Se os instrumentos da ciência não conseguem detectar um estado de consciência, será que isso significa que a consciência não existe? 

B. ALAN WALLACE examina essa lacuna do entendimento científico. Praticamente todos os cientistas cognitivos hoje assumem que a consciência e todos os processos mentais subjetivos são funções do cérebro e, portanto, propriedades emergentes ou funções da matéria.

Essa é a principal visão científica da consciência e, aqueles que rejeitam essa hipótese são normalmente vistos por muitos cientistas como estando sob influência de tendências metafísicas ou fé religiosa.

Para avaliar essa perspectiva cientifica, vamos primeiro rever alguns fatos simples e incontestáveis: Cientistas tem (1) uma definição não consensual da consciência, (2) falta de meios para medir a consciência ou seus correlatos neurais, e (3) conhecimento incompleto das causas necessárias e suficient es para a existência da consciência.

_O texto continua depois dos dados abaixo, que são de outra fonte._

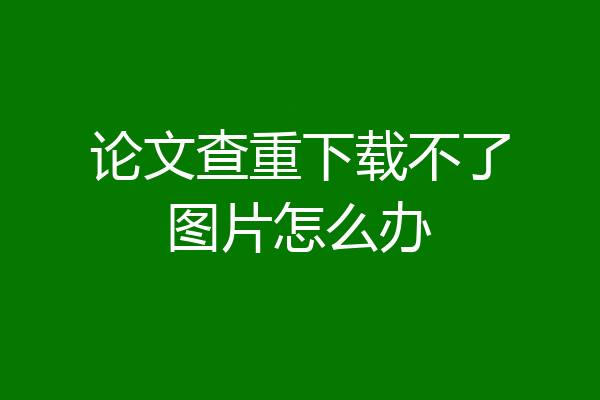 论文查重下载不了图片怎么办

O fato de nenhum estado de consciência, na verdade, nenhum tipo de fenômeno mental subjetivo, ser detectável usando-se instrumentos científicos significa que, estritamente falando, não há evidência científica, ou empírica, para a existência da consciência ou da mente. A única evidência experimental que temos para a existência de fenômenos mentais consiste em relatos em primeira pessoa, observação introspectiva de um indivíduo de seus próprios estados mentais. Mas tais relatos não são objetivos, não estão sujeitos à corroboração de uma terceira pessoa e são geralmente apresentados por indivíduos que não possuem treinamento formal em observar e relatar seus próprios processos mentais.

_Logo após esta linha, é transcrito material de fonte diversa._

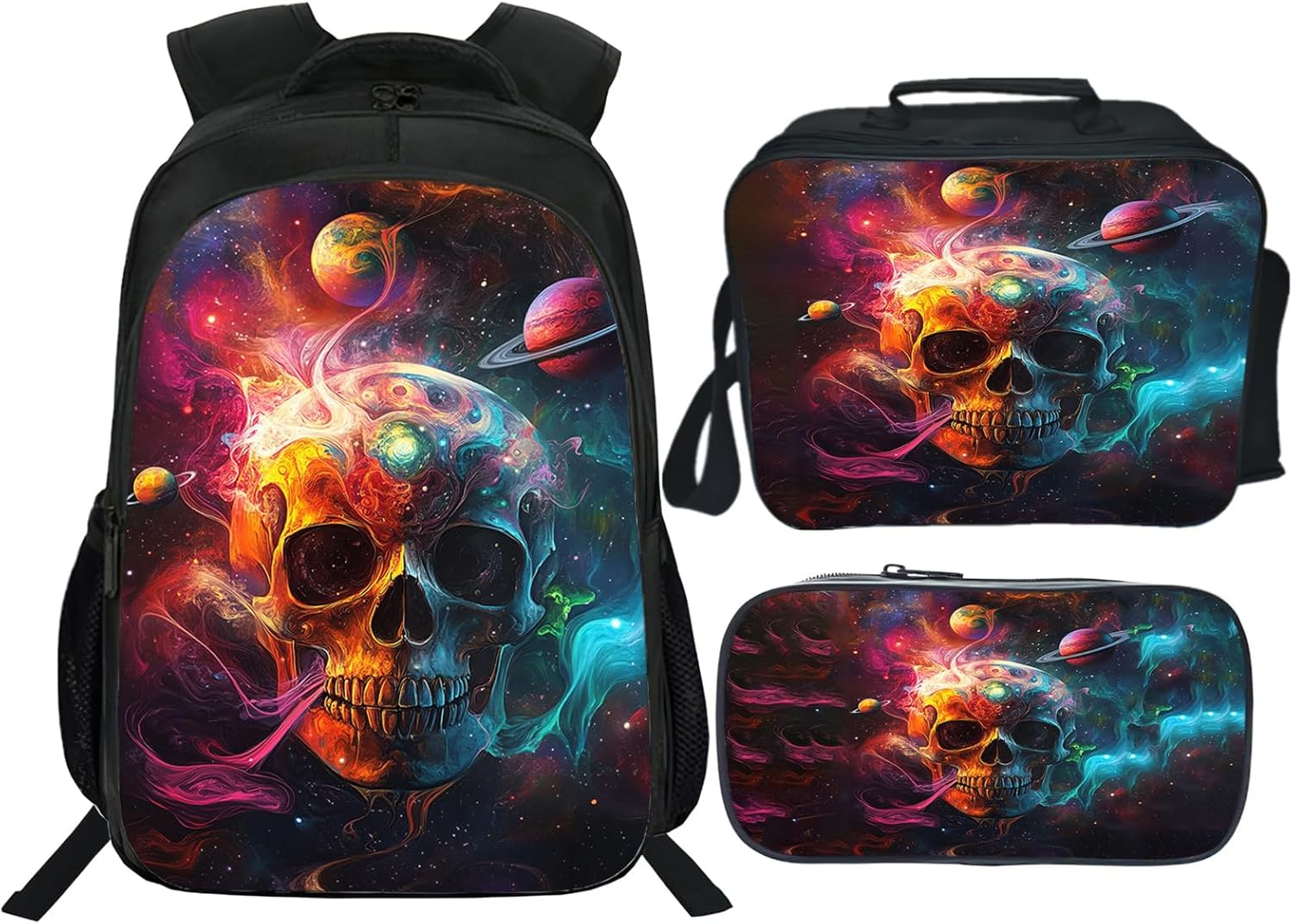 Snapjet Skull Backpack 3PCS 16" Preschool Elementary Schoolbag with Lunch Box Pencil Case Bookbag Set for Girls Boys Kids Children Teens School Students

Entretanto, sem essa evidência da existência de fenômenos mentais, cientistas não teriam conhecimento dos correlatos mentais dos processos neurais e comportamentais que eles estudam com tal precisão e sofisticação. Em outras palavras, todo o conhecimento científico dos processos mentais que surgem dependentemente das funções cerebrais está baseado em evidências provenientes de observação pessoal e não científica.

Ironicamente, a consciência metacognitiva dos cientistas em relação a seus próprios processos de pensamento é em si não objetiva e, portanto, não científica. Mas sem essa consciência reflexiva, fica difícil imaginar que o conhecimento científico conseguirá progredir.

Na falta de conhecimento científico sobre a natureza da consciência e suas causas necessárias e suficientes, os principais cientistas cognitivos insistem que deve haver uma explicação física para a natureza da consciência e todas as suas causas. No que diz respeito à consciência e toda a experiência subjetiva, existe uma lacuna no conhecimento científico, e esse vácuo é rapidamente preenchido com suposições materialistas; uma vez que cientistas abominam tal vácuo. Esse problema foi abordado de diferentes maneiras ao longo do século passado.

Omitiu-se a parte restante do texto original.